EXERCISE
Reproduce the listing below as it stands. Leave out each image.

DATA EXTRACT
>>>

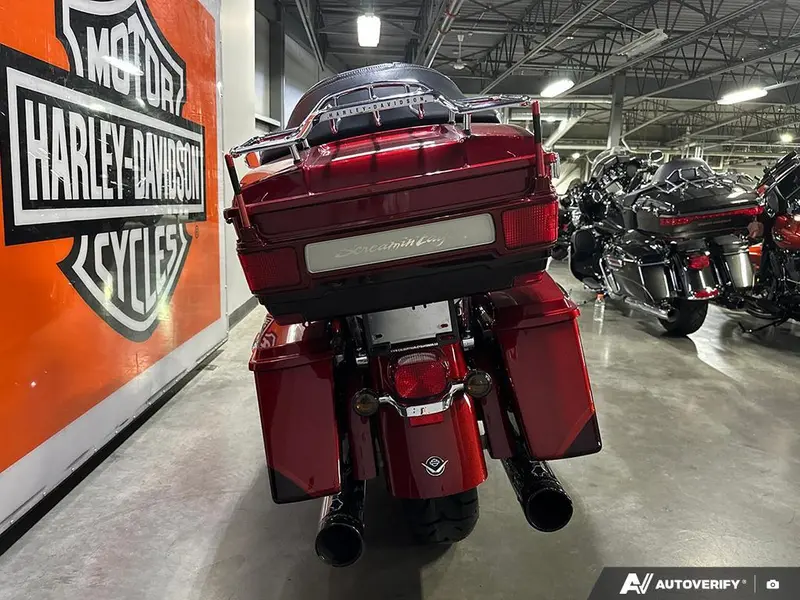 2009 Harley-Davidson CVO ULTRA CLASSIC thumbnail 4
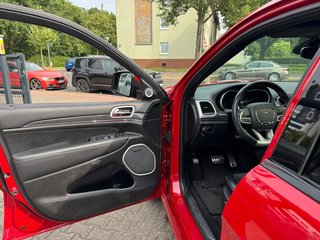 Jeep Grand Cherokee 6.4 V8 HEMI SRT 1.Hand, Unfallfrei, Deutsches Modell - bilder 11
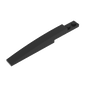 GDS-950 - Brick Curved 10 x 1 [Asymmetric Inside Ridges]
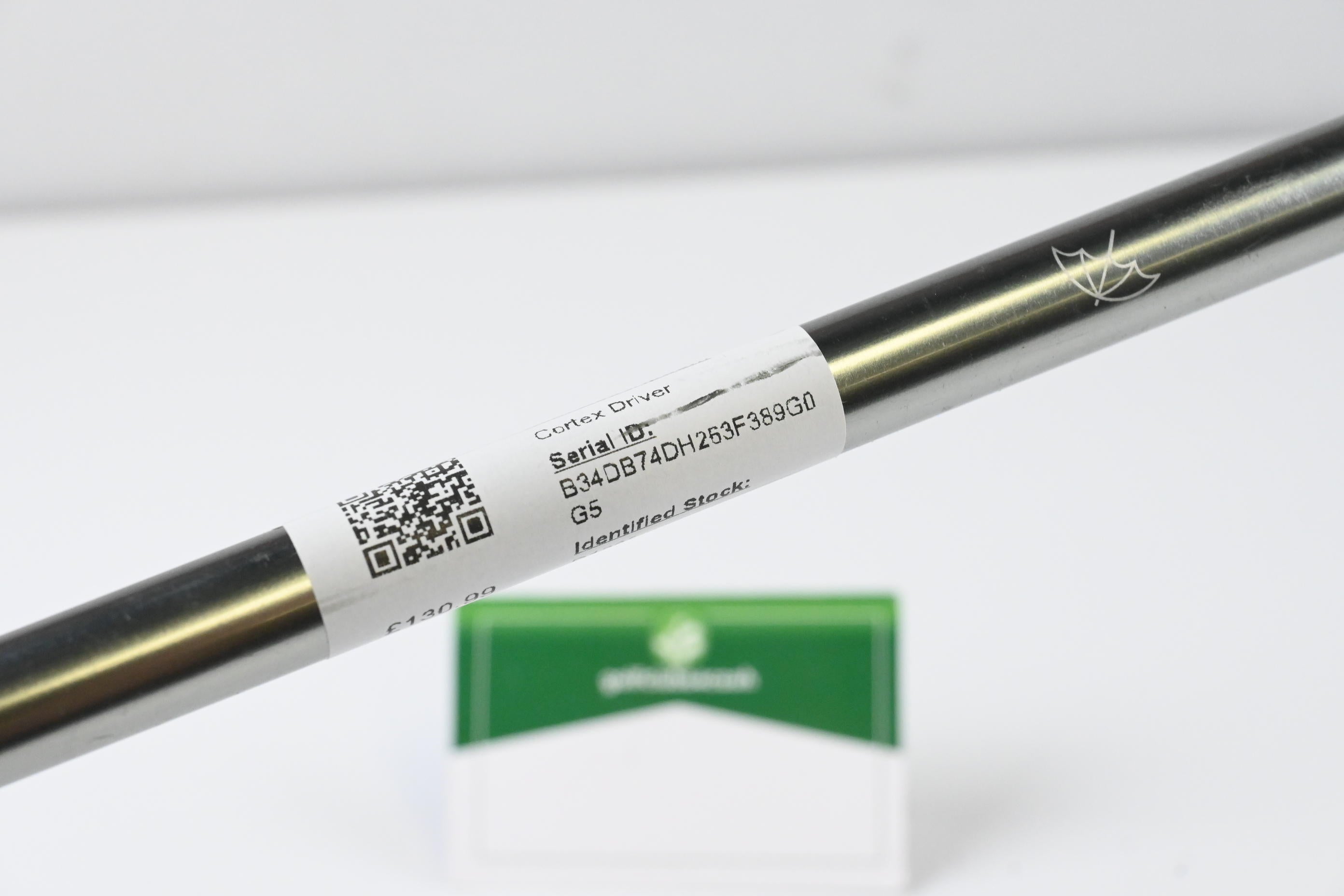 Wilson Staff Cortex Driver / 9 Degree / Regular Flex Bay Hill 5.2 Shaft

<<<

WRITTEN ANSWER
 2009 Harley-Davidson CVO ULTRA CLASSIC thumbnail 4
 Jeep Grand Cherokee 6.4 V8 HEMI SRT 1.Hand, Unfallfrei, Deutsches Modell - bilder 11
 GDS-950 - Brick Curved 10 x 1 [Asymmetric Inside Ridges]
 Wilson Staff Cortex Driver / 9 Degree / Regular Flex Bay Hill 5.2 Shaft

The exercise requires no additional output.